Manipulating spatial vector data in R

Welcome to "Manipulating spatial vector data in R". In this installment I will focus on manipulating spatial data classes. I will also introduce some basic distance and proximity analysis and autocorrelation. We will be using “sp”, which you may recall is the library that supports spatial objects in R, and “spdep” to support distance and proximity analysis.

We will start with bracket indexing. This is a very handy way of creating data subsets based on a positional index or attribute query.

Add required libraries

    library(sp)
    library(spdep)
    library(rgdal)

We will use the meuse dataset that is distributed with sp. Here we add the meuse data.frame object from sp library and coerce to sp object. We also display row/col dimensions and plot data.

    data(meuse)
    coordinates(meuse) <- ~x+y
    dim(meuse)
    plot(meuse, pch=19)

Using a bracket index, we will subset the first 10 observations. Remember that a comma at the beginning of the bracket statment represents columns and after, rows.

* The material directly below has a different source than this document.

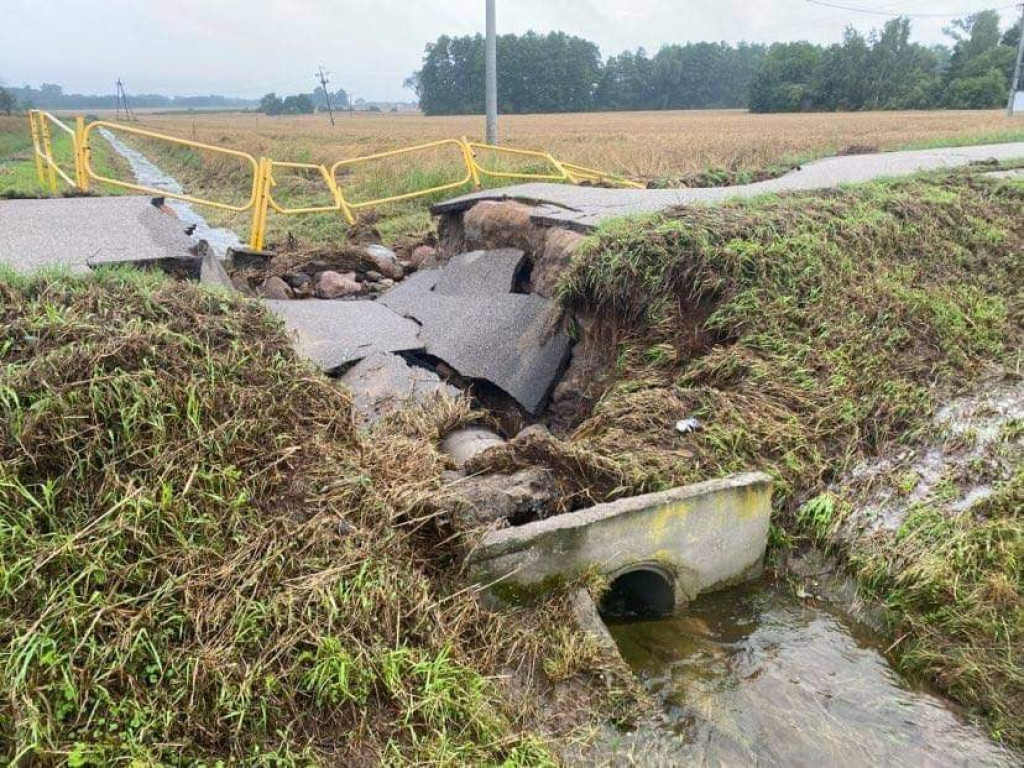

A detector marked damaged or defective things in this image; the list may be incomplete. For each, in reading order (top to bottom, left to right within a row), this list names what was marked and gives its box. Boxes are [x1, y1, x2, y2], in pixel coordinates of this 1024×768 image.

broken asphalt slab [432, 141, 1024, 230]
broken asphalt slab [0, 196, 200, 274]
broken asphalt slab [268, 299, 423, 374]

    meuse.sub <- meuse[1:10,]
      dim(meuse.sub)
        plot(meuse.sub, pch=19)

We can extend this concept to create a random sample (n=10) based on a row index using “sample”.

meuse.rs <- meuse[sample(seq(1:nrow(meuse)),10),]
plot(meuse.rs, pch=19)

We can also use this type of index to query data. Let’s look at the attributes in in the data slot.

str(meuse@data)

We can quickly look at the statistical moments of a given variable using summary.

summary(meuse@data$cadmium)

Let’s extract the 50th percentile (median) for cadmium using an index. Since summary results in a vector we can use an index without a comma. Median is in the third position so we use:

( p50 <- summary(meuse@data$cadmium)[3] )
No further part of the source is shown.